Friday, July 16, 2010

Tom Purdie

July 16.—I made out my task-work and betook myself to walk about twelve. I feel the pen turn heavy after breakfast; perhaps my solemn morning meal is too much for my intellectual powers, but I won't abridge a single crumb for all that. I eat very little at dinner, and can't abide to be confined in my hearty breakfast. The work goes on as task-work must, slow, sure, and I trust not drowsy, though the author is. I sent off to Dionysius Lardner (Goodness be with us, what a name!) as far as page thirty-eight inclusive, but I will wait to add to-morrow's quota. I had a long walk with Tom. I am walking with more pleasure and comfort to myself than I have done for many a day. May Heaven continue this great mercy, which I have so much reason to be thankful for!

The Tom referred to in Scott's July 16, 1829 Journal entry is Tom Purdie, whom he met famously in perhaps his first duty as sherriff after moving into his Ashiestiel house.  Purdie was caught poaching on Scott's new property.  As related in "Abbotsford and Sir Walter Scott", by George King Matthews, Tom gave the " Sherra" such a deplorable account of his circumstances, in so simple and straightforward a manner, that Sir Walter took pity on his poverty; especially when he related that he had a wife and several bairns dependent upon him; and in his own dry humorous way he went on to state that he found work very scarce and game very plentiful, so he just "girned a-hare or twa to prevent them frae doing any mischief." And so by his quaint, humorous manner, Tom escaped the penalty of the law, and was at first taken into the employment of Sir Walter as shepherd, and by his good conduct was shortly afterwards raised to a position of more importance, in the service of Abbotsford; nor did he ever give the worthy Baronet cause to regret the trust he had placed in him, for never had master one more faithful to his interest than Tom Purdie was to Sir Walter Scott.

Matthews further describes the drawing of Purdie's character in "Red Gauntlet": It would be presumption in me to attempt a description of Tom Purdie after the great minstrel has limned him with his own hand in the pages of " Red Gauntlet," and Sir Walter's biographer has also added a few finishing touches worthy of the master himself, and both of which I must avail myself of before proceeding further with my narrative. " He was, perhaps, sixty years old," says Sir Walter, " yet his brow was not much furrowed, and his yet black hair was only grizzled, not whitened by the advance of age.
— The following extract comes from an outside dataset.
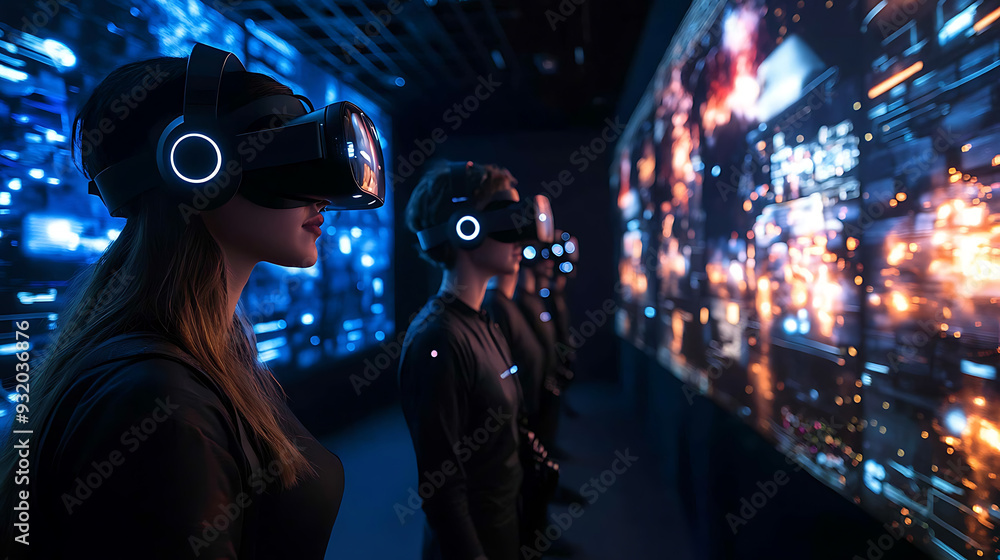 Group of People Experiencing Virtual Reality Technology Indoors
All his motions spoke strength unabated; and though rather undersized, he had very broad shoulders, was square made, thin flanked, and apparently combined in his frame muscular strength and activity; the last somewhat impaired, perhaps, by years, but the first remaining in full vigour, a hard and harsh countenance; eyes far sunk under projecting eyebrows, which were grizzled like his hair; a wide mouth, furnished from ear to ear with unimpaired teeth of uncommon whiteness and size, a breadth of which might have become the jaws of an ogre, complete this delightful portrait." "Equip this figure," says Lockhart, "in Scott's cast off green jacket, white hat, and drab trousers: and imagine that years of kind treatment, comfort, and the honest consequences of a confidential greeve, had softened away much of the harshness originally impressed on the visage by anxious penury, and the sinister habits of a black fisherman, and then Tom Purdie stands before us."